• [Entries shown]
--*--
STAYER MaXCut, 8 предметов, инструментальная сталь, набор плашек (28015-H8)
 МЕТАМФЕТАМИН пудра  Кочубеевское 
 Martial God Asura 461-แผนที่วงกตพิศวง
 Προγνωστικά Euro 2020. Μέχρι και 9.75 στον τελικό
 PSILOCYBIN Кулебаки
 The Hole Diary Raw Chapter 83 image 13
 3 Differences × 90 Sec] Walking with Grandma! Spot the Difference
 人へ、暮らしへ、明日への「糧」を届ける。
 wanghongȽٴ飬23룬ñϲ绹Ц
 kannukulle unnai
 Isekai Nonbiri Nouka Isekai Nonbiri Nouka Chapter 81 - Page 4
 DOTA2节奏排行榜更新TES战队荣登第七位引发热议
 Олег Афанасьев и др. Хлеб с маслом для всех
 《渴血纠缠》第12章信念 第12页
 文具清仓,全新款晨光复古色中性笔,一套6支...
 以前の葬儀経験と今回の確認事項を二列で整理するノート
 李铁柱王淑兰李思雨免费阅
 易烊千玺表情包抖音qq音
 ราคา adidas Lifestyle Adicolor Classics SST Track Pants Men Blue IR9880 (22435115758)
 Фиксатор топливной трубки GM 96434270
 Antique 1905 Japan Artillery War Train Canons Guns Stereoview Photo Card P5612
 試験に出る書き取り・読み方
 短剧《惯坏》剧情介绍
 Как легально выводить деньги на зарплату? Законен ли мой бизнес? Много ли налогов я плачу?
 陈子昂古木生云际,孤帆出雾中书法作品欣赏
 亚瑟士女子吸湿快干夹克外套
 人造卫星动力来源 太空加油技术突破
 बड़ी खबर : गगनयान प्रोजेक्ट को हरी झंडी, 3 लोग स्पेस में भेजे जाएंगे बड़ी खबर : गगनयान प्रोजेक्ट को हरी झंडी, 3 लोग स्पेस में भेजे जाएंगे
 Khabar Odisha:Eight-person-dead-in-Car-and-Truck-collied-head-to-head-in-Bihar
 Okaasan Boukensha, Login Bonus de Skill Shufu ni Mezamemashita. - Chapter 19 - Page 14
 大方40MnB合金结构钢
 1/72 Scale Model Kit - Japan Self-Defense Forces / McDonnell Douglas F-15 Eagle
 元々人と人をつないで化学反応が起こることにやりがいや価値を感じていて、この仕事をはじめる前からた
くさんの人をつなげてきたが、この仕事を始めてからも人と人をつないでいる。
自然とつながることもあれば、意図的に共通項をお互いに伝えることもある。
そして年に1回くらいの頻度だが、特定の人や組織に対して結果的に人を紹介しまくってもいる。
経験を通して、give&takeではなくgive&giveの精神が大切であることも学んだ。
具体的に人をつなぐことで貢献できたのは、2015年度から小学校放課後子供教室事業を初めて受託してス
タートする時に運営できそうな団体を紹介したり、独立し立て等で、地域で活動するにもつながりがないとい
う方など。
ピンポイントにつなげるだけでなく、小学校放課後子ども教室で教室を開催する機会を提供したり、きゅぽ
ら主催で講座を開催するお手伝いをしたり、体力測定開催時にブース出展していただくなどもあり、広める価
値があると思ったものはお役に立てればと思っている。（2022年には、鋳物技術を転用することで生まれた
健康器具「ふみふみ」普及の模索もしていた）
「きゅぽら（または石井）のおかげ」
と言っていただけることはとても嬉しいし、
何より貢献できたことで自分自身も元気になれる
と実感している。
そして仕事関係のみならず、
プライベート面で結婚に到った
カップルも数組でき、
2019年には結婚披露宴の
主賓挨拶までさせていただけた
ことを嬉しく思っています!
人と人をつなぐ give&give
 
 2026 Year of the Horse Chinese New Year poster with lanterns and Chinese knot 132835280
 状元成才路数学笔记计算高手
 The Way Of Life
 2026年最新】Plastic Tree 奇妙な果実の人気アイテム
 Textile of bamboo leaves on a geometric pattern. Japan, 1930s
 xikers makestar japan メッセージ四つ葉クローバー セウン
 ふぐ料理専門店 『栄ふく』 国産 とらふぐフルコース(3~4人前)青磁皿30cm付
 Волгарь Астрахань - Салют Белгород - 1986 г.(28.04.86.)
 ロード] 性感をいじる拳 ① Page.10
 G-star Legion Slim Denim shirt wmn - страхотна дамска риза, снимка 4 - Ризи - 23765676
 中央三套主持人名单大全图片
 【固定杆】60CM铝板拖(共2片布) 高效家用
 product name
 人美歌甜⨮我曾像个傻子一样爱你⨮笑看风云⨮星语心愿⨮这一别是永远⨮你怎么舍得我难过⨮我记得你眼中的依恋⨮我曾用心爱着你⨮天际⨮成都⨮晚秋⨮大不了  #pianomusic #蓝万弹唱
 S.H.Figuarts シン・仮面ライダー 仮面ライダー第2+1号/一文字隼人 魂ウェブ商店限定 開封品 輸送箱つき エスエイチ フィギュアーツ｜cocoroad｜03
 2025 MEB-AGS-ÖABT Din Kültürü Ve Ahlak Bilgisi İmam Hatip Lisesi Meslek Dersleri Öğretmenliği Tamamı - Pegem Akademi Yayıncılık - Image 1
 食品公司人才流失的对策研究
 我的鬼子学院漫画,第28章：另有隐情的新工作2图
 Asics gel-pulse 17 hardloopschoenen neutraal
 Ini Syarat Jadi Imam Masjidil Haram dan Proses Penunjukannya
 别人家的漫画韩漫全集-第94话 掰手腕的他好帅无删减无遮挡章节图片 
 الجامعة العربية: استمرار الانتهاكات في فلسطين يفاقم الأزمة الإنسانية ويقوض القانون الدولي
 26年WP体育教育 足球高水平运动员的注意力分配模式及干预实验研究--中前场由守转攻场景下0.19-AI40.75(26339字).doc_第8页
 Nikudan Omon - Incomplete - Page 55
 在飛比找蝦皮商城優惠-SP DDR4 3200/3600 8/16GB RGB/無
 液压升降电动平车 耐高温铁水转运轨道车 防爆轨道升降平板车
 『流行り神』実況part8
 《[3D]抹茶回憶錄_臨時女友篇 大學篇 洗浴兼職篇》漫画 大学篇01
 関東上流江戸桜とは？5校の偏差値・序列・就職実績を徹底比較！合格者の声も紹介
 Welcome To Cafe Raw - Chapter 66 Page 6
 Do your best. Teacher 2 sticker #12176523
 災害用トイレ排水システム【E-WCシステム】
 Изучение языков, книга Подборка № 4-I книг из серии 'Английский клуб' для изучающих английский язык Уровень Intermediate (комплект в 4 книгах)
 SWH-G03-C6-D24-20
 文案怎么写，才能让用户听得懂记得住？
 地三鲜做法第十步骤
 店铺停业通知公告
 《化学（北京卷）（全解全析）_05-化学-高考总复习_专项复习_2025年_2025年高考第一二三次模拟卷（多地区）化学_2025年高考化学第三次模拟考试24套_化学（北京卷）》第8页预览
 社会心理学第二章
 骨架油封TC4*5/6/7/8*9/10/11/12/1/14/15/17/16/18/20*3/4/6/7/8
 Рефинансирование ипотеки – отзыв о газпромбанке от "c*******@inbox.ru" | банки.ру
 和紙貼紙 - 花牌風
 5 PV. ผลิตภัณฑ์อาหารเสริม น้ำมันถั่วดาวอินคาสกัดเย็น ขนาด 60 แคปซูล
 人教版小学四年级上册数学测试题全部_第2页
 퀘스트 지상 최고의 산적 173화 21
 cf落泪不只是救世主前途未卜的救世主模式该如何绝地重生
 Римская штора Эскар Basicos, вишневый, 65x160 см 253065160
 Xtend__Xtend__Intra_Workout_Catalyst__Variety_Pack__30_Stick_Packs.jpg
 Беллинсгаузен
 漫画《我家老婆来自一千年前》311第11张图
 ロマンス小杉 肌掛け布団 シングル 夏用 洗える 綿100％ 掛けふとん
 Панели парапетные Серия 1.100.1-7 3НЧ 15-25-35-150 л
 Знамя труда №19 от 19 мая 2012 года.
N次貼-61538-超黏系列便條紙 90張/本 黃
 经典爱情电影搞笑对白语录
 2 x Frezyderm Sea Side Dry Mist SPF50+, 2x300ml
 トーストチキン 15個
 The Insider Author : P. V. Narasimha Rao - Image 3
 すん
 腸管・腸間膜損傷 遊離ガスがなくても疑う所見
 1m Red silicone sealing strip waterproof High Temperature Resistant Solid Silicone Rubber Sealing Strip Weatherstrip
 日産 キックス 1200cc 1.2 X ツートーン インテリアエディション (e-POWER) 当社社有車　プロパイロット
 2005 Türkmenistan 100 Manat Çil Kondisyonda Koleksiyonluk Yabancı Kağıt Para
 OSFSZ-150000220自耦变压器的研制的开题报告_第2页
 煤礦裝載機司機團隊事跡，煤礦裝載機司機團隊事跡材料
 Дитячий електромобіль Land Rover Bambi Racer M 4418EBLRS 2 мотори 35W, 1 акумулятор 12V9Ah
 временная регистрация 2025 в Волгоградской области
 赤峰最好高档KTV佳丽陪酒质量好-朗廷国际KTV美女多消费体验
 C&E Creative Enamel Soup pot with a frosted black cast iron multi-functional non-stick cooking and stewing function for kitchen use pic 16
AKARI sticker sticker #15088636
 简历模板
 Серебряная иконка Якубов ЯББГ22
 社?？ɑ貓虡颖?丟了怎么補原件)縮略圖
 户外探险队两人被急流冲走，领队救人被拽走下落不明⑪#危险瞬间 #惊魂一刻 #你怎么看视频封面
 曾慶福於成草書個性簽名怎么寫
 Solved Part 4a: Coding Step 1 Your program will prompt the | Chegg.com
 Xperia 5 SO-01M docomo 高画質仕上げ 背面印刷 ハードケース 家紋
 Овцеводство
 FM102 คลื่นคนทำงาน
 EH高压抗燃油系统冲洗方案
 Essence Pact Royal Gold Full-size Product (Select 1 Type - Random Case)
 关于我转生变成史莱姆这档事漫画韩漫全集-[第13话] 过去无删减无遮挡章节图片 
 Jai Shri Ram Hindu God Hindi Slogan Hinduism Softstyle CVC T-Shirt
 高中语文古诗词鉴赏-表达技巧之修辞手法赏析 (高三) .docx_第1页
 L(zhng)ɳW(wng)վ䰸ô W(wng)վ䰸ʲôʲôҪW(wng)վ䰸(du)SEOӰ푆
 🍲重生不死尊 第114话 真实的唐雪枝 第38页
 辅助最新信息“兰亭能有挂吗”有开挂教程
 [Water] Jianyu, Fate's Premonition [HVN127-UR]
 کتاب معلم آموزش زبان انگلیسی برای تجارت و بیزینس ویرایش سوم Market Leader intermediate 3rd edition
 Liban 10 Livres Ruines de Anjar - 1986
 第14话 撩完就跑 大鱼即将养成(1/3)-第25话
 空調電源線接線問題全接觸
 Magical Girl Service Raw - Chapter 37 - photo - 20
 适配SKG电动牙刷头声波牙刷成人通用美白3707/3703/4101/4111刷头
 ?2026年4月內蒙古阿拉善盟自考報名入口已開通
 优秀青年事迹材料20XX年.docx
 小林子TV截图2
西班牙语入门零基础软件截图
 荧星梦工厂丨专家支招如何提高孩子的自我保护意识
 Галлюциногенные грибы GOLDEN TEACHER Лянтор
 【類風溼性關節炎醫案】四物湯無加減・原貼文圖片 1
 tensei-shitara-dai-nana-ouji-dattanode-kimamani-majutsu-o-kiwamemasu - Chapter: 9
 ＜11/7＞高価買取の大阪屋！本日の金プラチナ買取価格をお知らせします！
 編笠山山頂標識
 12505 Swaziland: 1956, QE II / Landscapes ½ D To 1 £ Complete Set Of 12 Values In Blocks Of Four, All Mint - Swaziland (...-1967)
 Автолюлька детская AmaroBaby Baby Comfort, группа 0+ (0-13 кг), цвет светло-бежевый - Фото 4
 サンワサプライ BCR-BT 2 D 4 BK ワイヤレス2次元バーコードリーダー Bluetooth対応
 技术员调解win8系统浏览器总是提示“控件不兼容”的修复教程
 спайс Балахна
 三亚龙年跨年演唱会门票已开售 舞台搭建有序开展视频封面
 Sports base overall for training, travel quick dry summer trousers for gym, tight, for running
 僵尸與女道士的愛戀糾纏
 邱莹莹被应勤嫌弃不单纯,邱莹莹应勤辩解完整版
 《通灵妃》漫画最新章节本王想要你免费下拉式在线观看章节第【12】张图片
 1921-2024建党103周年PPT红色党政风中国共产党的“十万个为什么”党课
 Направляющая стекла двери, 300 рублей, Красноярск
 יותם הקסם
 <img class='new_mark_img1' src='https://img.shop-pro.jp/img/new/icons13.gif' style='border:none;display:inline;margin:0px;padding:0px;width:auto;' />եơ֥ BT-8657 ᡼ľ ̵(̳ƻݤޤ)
--*--
• [Task details] From the material above, set down exactly the lines starting at the one with "Xperia 5 SO-01M docomo 高画質仕上げ 背面印刷 ハードケース 家紋" and ending at the one with "第114话 真实的唐雪枝 第38页", end lines included.

• [Solution to this problem]
 Xperia 5 SO-01M docomo 高画質仕上げ 背面印刷 ハードケース 家紋
 Овцеводство
 FM102 คลื่นคนทำงาน
 EH高压抗燃油系统冲洗方案
 Essence Pact Royal Gold Full-size Product (Select 1 Type - Random Case)
 关于我转生变成史莱姆这档事漫画韩漫全集-[第13话] 过去无删减无遮挡章节图片 
 Jai Shri Ram Hindu God Hindi Slogan Hinduism Softstyle CVC T-Shirt
 高中语文古诗词鉴赏-表达技巧之修辞手法赏析 (高三) .docx_第1页
 L(zhng)ɳW(wng)վ䰸ô W(wng)վ䰸ʲôʲôҪW(wng)վ䰸(du)SEOӰ푆
 🍲重生不死尊 第114话 真实的唐雪枝 第38页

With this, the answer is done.